How did you come up with idea of making Viette and what does Viette actually mean?  

Mye Hoang: Viette is based on my life as a young Vietnamese American woman (born in the US) during the most transformative years of my life, my late teens.  I was trying to live my own life while being a dutiful daughter to my parents who were very traditional and didn’t speak English.  It was a very painful family situation, and the experiences I had trying to break free were extreme and sounded like a movie to my friends who encouraged me to make this film.  It took time but I realized that I was not alone in this. There are many young women I don’t know who have similar life experiences but don’t talk about them—the humiliation, fear, shame. And once I broke free from my family, I found myself in another very controlling situation in which I was very vulnerable.  I wanted to explore all of that in the film and put it out there for others too, so that they don’t also have to feel alienated.

As for the title, “Viette” is the Americanized version of the common Vietnamese name, ‘Viet,’ which is often mis-pronounced and is broken down to the two-syllable “Viette.”  Also, the character is a die-hard romantic and I felt this name best suited her (it has a little French ring to it).
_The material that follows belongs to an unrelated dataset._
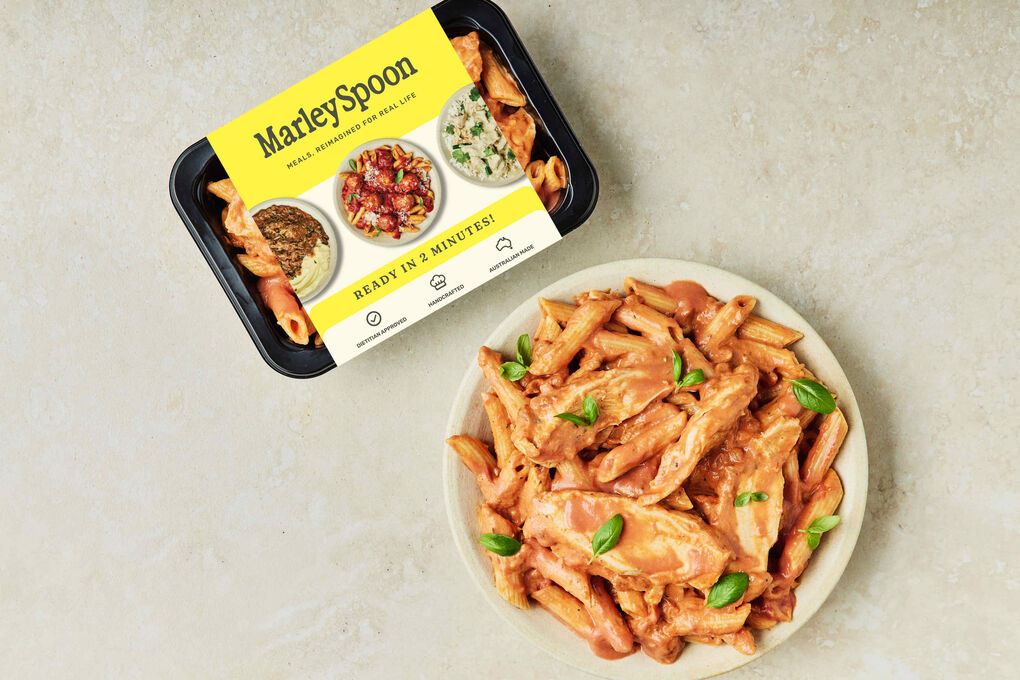 Creamy Chicken and Tomato Penne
How did you come to play Viette?

Mye Hoang:  I knew what I wanted for the role and the picture and I knew that I was not going to compromise.  We could not afford to pay the actors and it would have been a very risky situation to ask for nudity —no one would have done it.  It’s also a huge risk to have someone agree and then back out at the last minute, compromising the film, so I cast myself in the role of Viette, knowing that no one else would be more committed to the project.

Mye Hoang directed, produced, and stars in “Viette,” which has its world premiere at the premiere at the 30th San Francisco International Asian American Film Festival (SFIAAFF30) on March 10, 2012. Photo: Andrew Amsden

Viette also needed a certain sense of vulnerability that extended into her twenties and to project that vulnerability and loss of innocence. That comes with the way I look, my size and my experience.

This film spans 9 years with you playing Viette from age 18 through 27, about 9 nine years. Do you mind me asking you how old you are and how you managed to do this so convincingly?

Mye Hoang:  I am 35.  I have to thank my parents for the young gene. That was one complaint that I got from the film’s first screening that I looked young throughout the film and didn’t age. I really did try to look and act older.

What is the 1.5 generation exactly and does the term apply particularly to an Asian-American phenomenon?  Is it as simple as the children are growing up in the U.S. but their parents who brought them here are unassimilated and enforcing a traditional lifestyle that seems out of place in America? 

Mye Hoang:  Basically, it’s being in between the first and second generation. I/Viette was born in the U.S.  Technically, I should be 2nd generation but I had live by 1st generation rules. I should be assimilated but am kept from fully doing so.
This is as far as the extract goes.